Die Serie DELETE.use ist eine exzellente Metapher für ihr poetisches Projekt, weil es einerseits ihre experimentelle Vorliebe für die Bildproduktionsmaterialien und -apparate aufzeigt, andererseits untersucht, welchen Gebrauch wir von den Archiven machen – den Fotografien mit kolonialisierenden Botschaften, die schon lange in der Mediengeschichte existieren. Das ist in der Reihe von Arbeiten mit dem Titel METAL MASTERS der Fall, bei der jedes Einzelstück in einem klar objektbezogenen Prozess entworfen wurde – Bilder, konstruiert mit digitalen Interferenzen, die mit Laser auf Alu-Offsetplatten oder Platinen gedruckt wurden –, wobei sie mit der Tradition des handwerklichen Prozesses der Metallgravierung spielt. Ich spreche von spielen, denn die Künstlerin täuscht, simuliert (oder dissimuliert), wenn sie eine Matrize erfindet, die keine reproduktive Funktion hat und dadurch wieder zum Unikat wird.

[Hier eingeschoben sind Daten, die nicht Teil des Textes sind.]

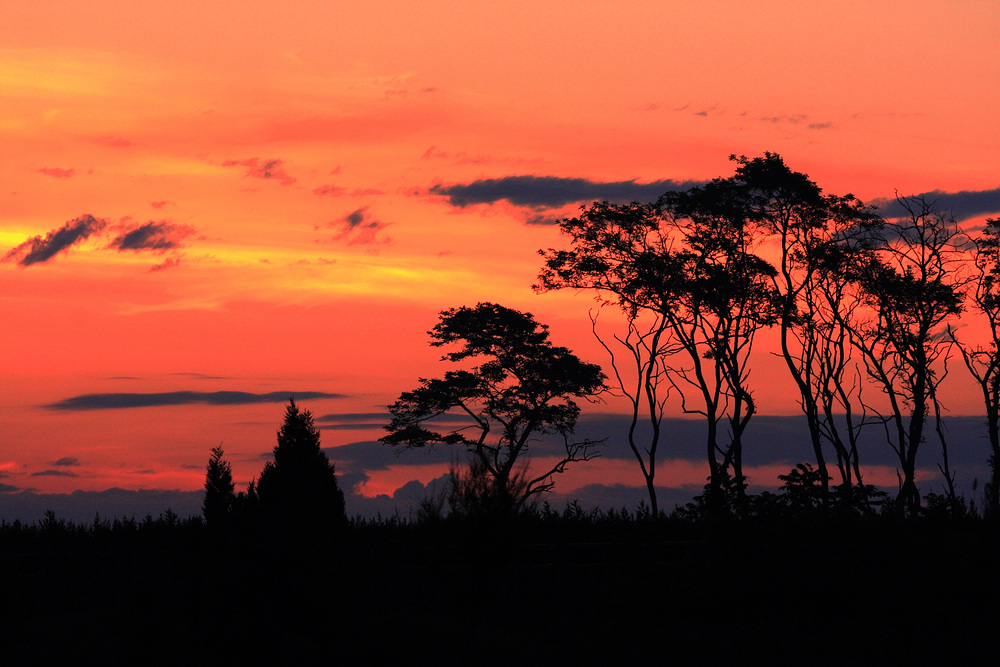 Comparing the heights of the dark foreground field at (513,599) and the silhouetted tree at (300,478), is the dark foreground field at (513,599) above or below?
below

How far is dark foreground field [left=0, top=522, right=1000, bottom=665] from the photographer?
15.4 m

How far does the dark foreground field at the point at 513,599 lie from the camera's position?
1541 centimetres

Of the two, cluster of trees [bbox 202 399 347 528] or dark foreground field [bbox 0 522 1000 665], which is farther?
cluster of trees [bbox 202 399 347 528]

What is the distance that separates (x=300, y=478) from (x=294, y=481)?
16 cm

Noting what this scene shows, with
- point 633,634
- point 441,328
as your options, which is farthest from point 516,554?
point 441,328

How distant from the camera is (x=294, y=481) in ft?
76.7

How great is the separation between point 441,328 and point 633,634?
28.8m

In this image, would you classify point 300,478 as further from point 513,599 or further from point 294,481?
point 513,599

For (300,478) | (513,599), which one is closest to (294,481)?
(300,478)

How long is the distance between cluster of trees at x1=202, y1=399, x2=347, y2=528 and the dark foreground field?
1.32 m

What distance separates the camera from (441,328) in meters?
45.3

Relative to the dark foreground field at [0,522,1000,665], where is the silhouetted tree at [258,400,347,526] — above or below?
above

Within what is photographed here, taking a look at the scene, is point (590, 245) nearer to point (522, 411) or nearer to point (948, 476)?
point (522, 411)

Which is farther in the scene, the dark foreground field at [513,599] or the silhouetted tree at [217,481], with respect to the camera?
the silhouetted tree at [217,481] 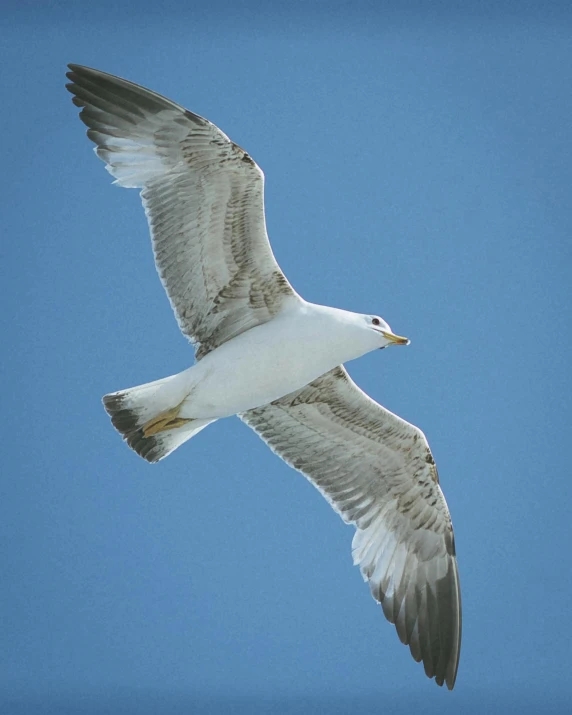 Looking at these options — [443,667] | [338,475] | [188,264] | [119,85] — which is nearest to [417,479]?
[338,475]

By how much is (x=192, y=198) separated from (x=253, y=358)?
45.7 inches

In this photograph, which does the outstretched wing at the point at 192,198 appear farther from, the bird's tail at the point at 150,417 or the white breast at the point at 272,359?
the bird's tail at the point at 150,417

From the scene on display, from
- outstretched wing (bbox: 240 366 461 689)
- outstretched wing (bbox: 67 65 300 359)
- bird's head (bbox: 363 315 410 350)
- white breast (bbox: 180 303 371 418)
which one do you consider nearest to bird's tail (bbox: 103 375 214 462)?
white breast (bbox: 180 303 371 418)

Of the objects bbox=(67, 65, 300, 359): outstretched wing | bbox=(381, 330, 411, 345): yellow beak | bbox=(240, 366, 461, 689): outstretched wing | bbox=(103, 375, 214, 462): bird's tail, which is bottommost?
bbox=(240, 366, 461, 689): outstretched wing

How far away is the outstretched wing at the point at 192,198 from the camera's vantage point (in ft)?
26.6

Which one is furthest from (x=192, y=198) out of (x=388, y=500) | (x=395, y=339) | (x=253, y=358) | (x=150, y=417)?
(x=388, y=500)

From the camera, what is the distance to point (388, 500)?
30.2 ft

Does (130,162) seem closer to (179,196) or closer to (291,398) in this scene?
(179,196)

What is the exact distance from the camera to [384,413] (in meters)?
8.86

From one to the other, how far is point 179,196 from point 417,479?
2.78 metres

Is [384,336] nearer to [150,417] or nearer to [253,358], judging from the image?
[253,358]

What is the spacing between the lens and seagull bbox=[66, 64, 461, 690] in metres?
8.18

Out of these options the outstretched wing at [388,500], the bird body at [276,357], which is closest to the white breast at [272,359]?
the bird body at [276,357]

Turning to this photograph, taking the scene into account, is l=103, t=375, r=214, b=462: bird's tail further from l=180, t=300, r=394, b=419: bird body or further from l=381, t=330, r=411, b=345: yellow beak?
l=381, t=330, r=411, b=345: yellow beak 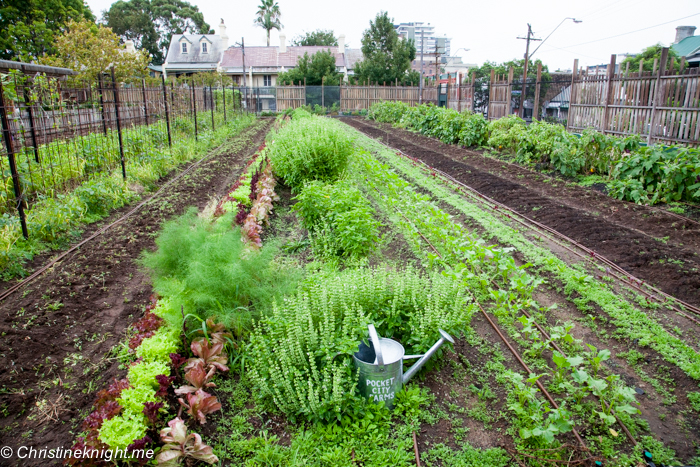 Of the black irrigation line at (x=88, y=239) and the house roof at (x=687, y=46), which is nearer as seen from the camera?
the black irrigation line at (x=88, y=239)

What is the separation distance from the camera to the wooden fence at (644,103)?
31.5 feet

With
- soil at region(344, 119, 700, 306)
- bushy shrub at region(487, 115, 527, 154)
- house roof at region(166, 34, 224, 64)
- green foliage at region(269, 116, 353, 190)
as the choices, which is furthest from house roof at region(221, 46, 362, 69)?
green foliage at region(269, 116, 353, 190)

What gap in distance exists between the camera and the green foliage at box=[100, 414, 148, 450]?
2471 millimetres

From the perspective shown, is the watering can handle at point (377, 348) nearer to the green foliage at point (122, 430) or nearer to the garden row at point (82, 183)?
the green foliage at point (122, 430)

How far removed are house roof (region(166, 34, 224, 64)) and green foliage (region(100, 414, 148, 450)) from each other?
53.6m

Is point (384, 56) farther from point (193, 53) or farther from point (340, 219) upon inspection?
point (340, 219)

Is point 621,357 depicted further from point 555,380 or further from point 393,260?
point 393,260

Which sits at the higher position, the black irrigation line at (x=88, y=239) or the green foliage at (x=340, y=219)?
the green foliage at (x=340, y=219)

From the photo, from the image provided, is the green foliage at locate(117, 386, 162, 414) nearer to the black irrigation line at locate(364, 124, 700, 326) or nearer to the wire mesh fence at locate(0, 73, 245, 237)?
the wire mesh fence at locate(0, 73, 245, 237)

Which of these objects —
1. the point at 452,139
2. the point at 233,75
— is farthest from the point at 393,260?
the point at 233,75

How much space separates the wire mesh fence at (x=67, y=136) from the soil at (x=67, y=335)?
1.21 m

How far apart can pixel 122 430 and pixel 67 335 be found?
1.90 meters

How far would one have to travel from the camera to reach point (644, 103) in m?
10.8

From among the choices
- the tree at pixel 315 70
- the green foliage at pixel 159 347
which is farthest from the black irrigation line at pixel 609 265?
the tree at pixel 315 70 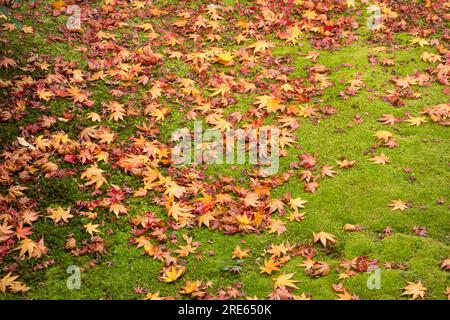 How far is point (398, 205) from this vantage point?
18.0ft

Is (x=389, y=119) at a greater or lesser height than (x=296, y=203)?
greater

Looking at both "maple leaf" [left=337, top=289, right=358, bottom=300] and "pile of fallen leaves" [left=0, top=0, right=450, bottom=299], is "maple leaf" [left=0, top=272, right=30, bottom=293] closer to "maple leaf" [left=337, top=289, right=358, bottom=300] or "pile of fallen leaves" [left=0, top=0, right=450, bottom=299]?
"pile of fallen leaves" [left=0, top=0, right=450, bottom=299]

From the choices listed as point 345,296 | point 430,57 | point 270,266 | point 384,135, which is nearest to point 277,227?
point 270,266

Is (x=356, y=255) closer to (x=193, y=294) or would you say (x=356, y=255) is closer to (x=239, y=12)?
(x=193, y=294)

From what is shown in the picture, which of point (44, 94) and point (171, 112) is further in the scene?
point (171, 112)

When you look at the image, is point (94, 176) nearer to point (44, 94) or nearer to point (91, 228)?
point (91, 228)

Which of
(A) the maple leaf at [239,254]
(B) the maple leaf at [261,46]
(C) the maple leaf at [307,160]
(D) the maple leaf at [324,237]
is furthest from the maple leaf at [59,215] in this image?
(B) the maple leaf at [261,46]

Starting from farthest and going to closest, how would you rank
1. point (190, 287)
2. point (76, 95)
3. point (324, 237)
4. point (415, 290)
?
point (76, 95) < point (324, 237) < point (190, 287) < point (415, 290)

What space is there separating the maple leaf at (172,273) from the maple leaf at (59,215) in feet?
4.44

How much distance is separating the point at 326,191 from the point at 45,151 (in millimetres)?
3695

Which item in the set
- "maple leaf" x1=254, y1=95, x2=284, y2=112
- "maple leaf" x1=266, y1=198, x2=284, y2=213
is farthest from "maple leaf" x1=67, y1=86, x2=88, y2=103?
"maple leaf" x1=266, y1=198, x2=284, y2=213

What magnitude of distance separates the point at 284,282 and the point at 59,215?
268 centimetres

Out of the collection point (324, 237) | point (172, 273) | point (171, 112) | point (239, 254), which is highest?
point (171, 112) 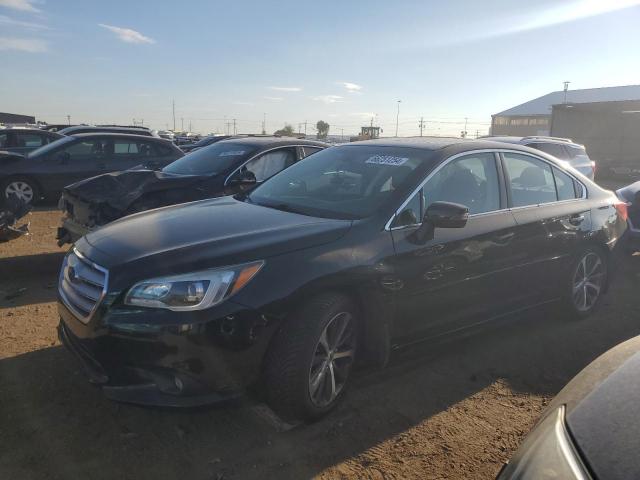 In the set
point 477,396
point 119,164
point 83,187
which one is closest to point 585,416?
point 477,396

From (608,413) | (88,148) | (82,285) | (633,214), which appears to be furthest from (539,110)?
(608,413)

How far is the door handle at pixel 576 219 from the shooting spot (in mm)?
4728

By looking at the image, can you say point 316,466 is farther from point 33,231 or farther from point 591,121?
point 591,121

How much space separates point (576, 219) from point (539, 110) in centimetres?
5900

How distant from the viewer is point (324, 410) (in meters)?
3.16

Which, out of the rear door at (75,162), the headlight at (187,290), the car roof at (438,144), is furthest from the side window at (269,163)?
the rear door at (75,162)

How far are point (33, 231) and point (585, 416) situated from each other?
335 inches

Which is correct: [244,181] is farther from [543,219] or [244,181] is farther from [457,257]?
[543,219]

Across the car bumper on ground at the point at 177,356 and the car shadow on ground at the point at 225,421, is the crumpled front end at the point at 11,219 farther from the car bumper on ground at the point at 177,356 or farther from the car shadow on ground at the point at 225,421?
the car bumper on ground at the point at 177,356

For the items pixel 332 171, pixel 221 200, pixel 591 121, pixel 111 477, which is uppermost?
pixel 591 121

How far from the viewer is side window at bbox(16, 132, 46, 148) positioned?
43.1 ft

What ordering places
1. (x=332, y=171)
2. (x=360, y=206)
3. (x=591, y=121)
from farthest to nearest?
(x=591, y=121), (x=332, y=171), (x=360, y=206)

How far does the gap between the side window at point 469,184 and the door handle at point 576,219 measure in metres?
0.99

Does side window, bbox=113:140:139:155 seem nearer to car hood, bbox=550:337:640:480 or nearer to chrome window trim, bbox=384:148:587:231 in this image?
chrome window trim, bbox=384:148:587:231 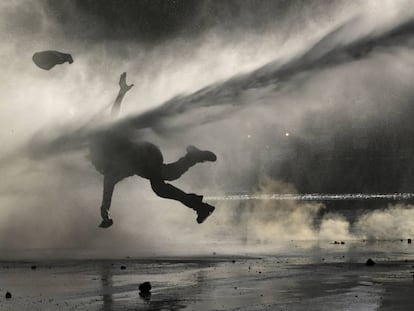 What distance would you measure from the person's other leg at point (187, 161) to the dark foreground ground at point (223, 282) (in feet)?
12.5

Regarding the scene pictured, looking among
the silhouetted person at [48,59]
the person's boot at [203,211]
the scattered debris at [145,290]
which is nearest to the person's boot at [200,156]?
the person's boot at [203,211]

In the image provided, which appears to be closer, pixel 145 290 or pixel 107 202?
pixel 145 290

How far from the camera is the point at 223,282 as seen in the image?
2912 cm

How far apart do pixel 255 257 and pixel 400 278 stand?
428 inches

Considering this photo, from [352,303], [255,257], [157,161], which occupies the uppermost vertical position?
[157,161]

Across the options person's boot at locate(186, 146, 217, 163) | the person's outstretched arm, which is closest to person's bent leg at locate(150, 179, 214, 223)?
person's boot at locate(186, 146, 217, 163)

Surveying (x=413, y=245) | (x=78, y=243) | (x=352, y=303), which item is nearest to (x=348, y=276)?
(x=352, y=303)

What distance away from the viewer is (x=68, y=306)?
79.2 feet

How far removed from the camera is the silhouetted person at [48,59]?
115 feet

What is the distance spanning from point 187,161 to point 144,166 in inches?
80.9

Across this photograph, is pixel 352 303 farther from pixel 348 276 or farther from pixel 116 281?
pixel 116 281

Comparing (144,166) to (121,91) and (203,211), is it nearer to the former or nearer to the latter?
(203,211)

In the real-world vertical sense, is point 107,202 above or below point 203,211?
above

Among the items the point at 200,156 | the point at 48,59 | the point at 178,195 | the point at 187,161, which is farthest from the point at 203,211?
the point at 48,59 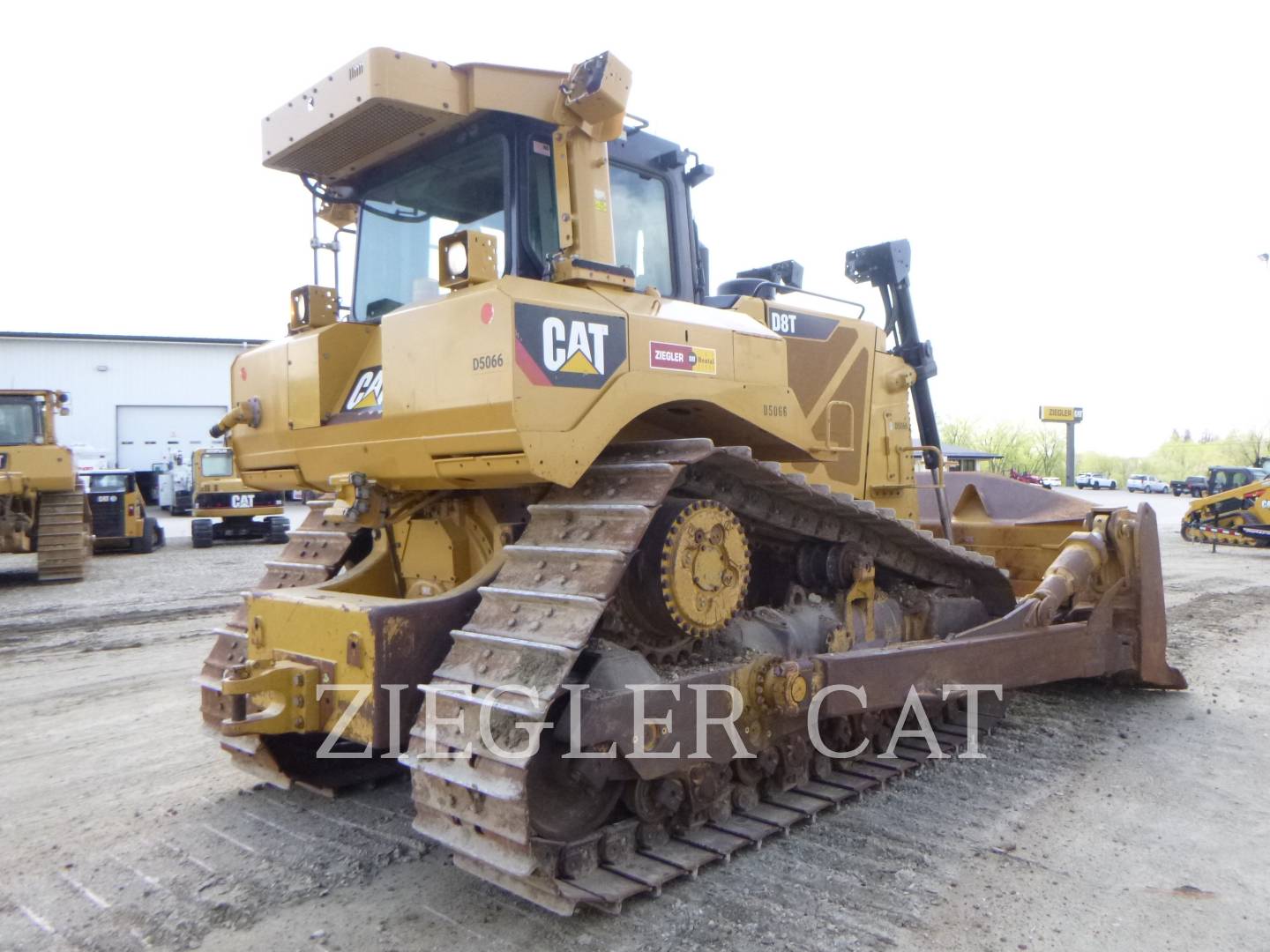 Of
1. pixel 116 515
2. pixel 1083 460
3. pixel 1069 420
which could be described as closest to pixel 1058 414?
pixel 1069 420

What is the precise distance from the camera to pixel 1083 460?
9775cm

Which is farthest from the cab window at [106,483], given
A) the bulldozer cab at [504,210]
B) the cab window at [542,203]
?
the cab window at [542,203]

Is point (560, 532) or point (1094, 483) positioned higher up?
point (560, 532)

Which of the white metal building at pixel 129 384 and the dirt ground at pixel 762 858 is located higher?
the white metal building at pixel 129 384

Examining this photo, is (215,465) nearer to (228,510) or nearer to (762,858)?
(228,510)

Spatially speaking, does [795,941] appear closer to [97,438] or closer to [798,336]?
[798,336]

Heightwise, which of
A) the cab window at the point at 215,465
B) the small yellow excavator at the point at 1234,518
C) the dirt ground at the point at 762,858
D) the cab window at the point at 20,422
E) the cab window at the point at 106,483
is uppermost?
the cab window at the point at 20,422

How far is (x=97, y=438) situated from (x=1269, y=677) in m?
43.9

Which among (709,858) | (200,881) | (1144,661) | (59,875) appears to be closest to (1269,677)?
(1144,661)

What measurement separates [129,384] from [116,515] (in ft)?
84.9

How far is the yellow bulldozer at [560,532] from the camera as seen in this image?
12.0ft

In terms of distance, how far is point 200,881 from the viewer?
4.06 meters

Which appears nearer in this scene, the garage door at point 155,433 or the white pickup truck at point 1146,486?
the garage door at point 155,433

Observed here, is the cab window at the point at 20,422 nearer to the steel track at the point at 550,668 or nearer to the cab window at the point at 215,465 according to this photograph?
the cab window at the point at 215,465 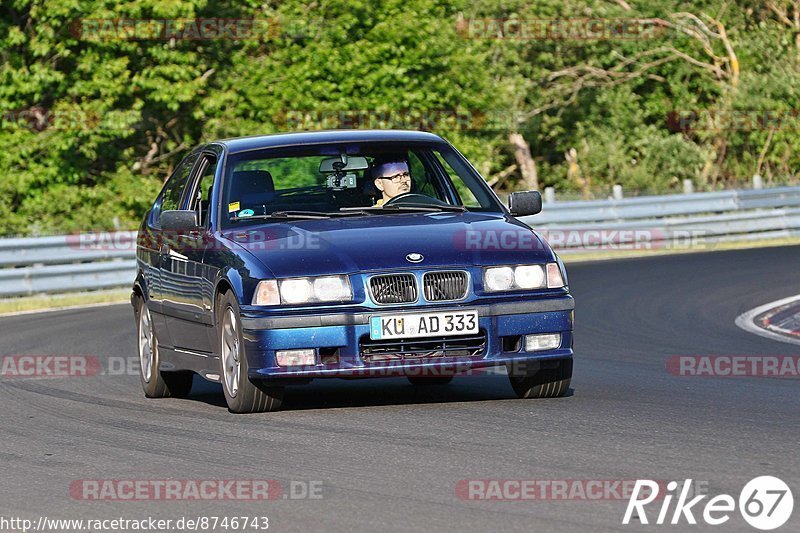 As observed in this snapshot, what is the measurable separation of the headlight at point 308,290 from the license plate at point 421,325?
22 cm

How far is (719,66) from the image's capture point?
44.2 m

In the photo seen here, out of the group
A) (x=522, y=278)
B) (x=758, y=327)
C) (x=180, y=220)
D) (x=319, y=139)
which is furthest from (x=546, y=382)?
(x=758, y=327)

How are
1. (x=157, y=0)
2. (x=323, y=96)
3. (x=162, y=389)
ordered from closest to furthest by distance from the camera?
(x=162, y=389) < (x=157, y=0) < (x=323, y=96)

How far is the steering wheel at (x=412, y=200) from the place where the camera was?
32.7 ft

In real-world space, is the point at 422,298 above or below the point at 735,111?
above

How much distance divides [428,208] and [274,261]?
1390 mm

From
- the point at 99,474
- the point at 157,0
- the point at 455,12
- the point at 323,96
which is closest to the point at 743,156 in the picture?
the point at 455,12

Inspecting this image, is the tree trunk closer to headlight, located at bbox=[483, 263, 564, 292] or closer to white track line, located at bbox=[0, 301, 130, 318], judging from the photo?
white track line, located at bbox=[0, 301, 130, 318]

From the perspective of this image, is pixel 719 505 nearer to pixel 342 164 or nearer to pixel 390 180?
pixel 390 180

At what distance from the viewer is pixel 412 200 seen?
10.0 metres

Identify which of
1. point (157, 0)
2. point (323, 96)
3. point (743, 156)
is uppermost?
point (157, 0)

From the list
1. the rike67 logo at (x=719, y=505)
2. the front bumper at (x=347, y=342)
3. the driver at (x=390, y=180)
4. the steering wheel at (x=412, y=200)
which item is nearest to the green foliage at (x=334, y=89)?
the driver at (x=390, y=180)

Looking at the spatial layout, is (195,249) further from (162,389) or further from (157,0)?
(157,0)

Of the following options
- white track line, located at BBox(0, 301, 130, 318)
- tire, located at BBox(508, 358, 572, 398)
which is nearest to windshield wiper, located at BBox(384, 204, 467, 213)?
tire, located at BBox(508, 358, 572, 398) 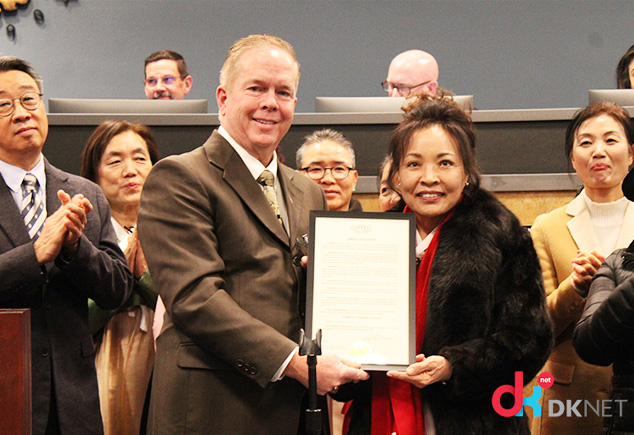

DELETE.use bringt mit seinem Verfahren einen preziösen Stil ein, der die Lust am Manuellen und an der Ausführung des Kunstwerks mit einem raffinierten Konzept verbindet. Die materielle Herangehensweise macht die Serie zu einem steten work in progress, denn außer auf Metallplatten zirkulieren die Bilder als gedruckte Wegwerfzettel und ebenso im Netz, wodurch sie den Begriff der “desmemórias” (Ent-Erinnerung), den die Künstlerin selbst geprägt hat, ins nahezu Unendliche erweitern. In dieser Hinsicht regt uns Flavya Mutran zu einem kritischeren Nachdenken über den Bedeutungserhalt der sogenannten “Zeugnisse der kollektiven Erinnerung” und die verschiedenen Diskurse an, mit denen die Massenmedien und die Sozialgeschichte diese belegen.
Flavya Mutran
Stammt aus Paraná und ist seit 1989 im Bereich Kunst und Kommunikation tätig. Sie war Fotojournalistin, Laborantin und Bildredakteurin öffentlicher und privater Presseabteilungen, realisierte eigene Projekte und beteiligte sich an kollektiven Kunst- und Bildungsprojekten. Nach dem Architektur- und Urbanistikstudium an der Bundesuniversität Pará (UFPA) absolvierte sie Master und Promotion in Bildender Kunst am am Kunstinstitut der Bundesuniversität Rio Grande do Sul (UFRGS) mit einer Forschungsarbeit über Fotoarchive und das Teilen von Bildern im Netz. Sie ist zurzeit Assistenzprofessorin der Abteilung Design und bildnerisches Gestalten am Fachbereich Architektur der UFRGS.